Comment 13 Oliver-Rainer Wittmann 2014-07-07 11:50:34 UTC
I have already figured out that the *.docx import of overlapping bookmarks is broken since AOO 4.1.0 - see issue 125215

For the in-place editing of Input Fields some new data structures are introduced at the mark manager which also cause a certain performance decrease.
Comment 14 Oliver-Rainer Wittmann 2014-07-08 12:23:38 UTC
(In reply to Oliver-Rainer Wittmann from comment #13)
> I have already figured out that the *.docx import of overlapping bookmarks
> is broken since AOO 4.1.0 - see issue 125215
> 
> For the in-place editing of Input Fields some new data structures are
> introduced at the mark manager which also cause a certain performance
> decrease.

Solutions to these two observations - provided with issue 125215 - solved the observed performance decrease.
Comment 15 Tim Baigent 2014-07-08 13:22:43 UTC
Great.

What was the problem? (Verbose details very welcome.)

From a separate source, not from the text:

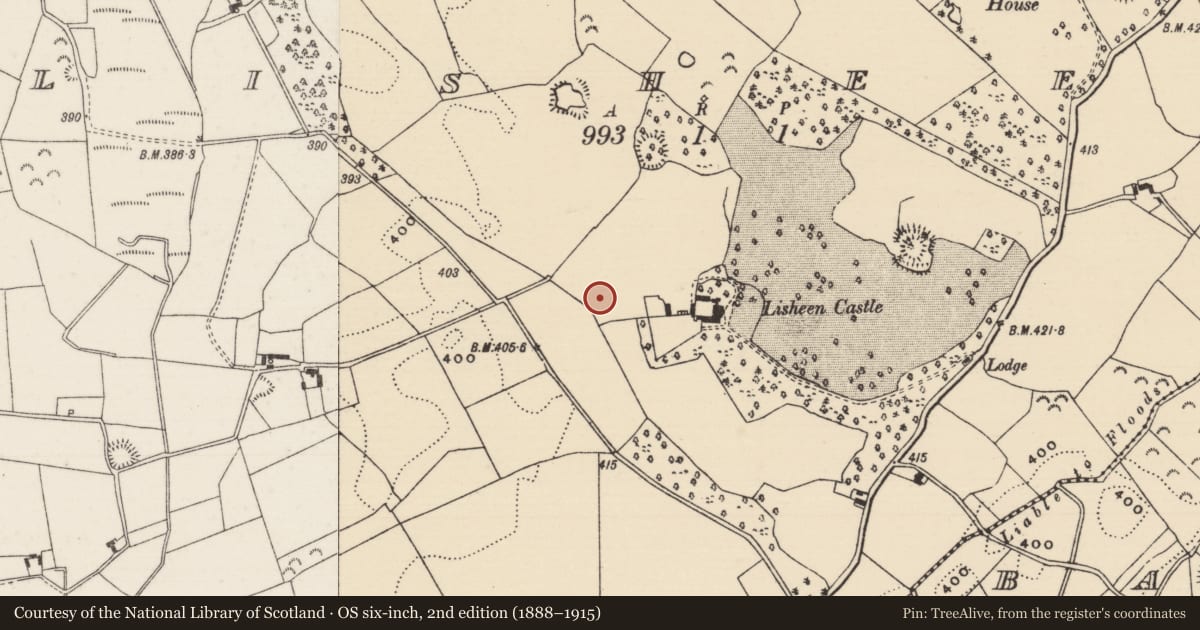 Ordnance Survey six-inch map, 2nd edition (1888–1915) covering the location of Castle - unclassified, Lisheen (Moyne Par.), County Tipperary North, with a pin at the register's coordinates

In which builds is it fixed?
Comment 16 Oliver-Rainer Wittmann 2014-07-08 13:47:52 UTC
(In reply to Tim Baigent from comment #15)
> Great.
> 
> What was the problem? (Verbose details very welcome.)
> 

I think three issues are causing the performance decrease:
(a) The one which has been already fixed with issue 125055. The sorting of all mark containers was triggered each time text is inserted into a paragraph when a mark ends at the insertion position. This is needed to fix issue 124338. But the sorting is only needed, if another mark starts at the insertion position.

(b) The import of bookmarks of *.docx document was completely broken. This caused the insertion of hundreds of wrong bookmarks without a corresponding bookmark name. The method to find a unique name is not efficient, but do not have to, because it should not be triggered that often.

(c) An additional mark container had been introduced for the enhancement of annotations/comments on text ranges. But the costs of this container does not justify its benefits. It was only use in two use cases, which could also work with existing containers. 

> In which builds is it fixed?

on trunk: the next build bot builds which work on trunk should include the fixes.

for planned 4.1.1: the fixes will not be included in the announced milestone 2, but the next milestone will contain them.
Comment 17 Tim Baigent 2014-07-09 10:36:26 UTC
(In reply to Oliver-Rainer Wittmann from comment #16)

Thanks for satisfying my curosity. It's very interesting to get some feel for how these things are tackled. I've been very impressed with the process.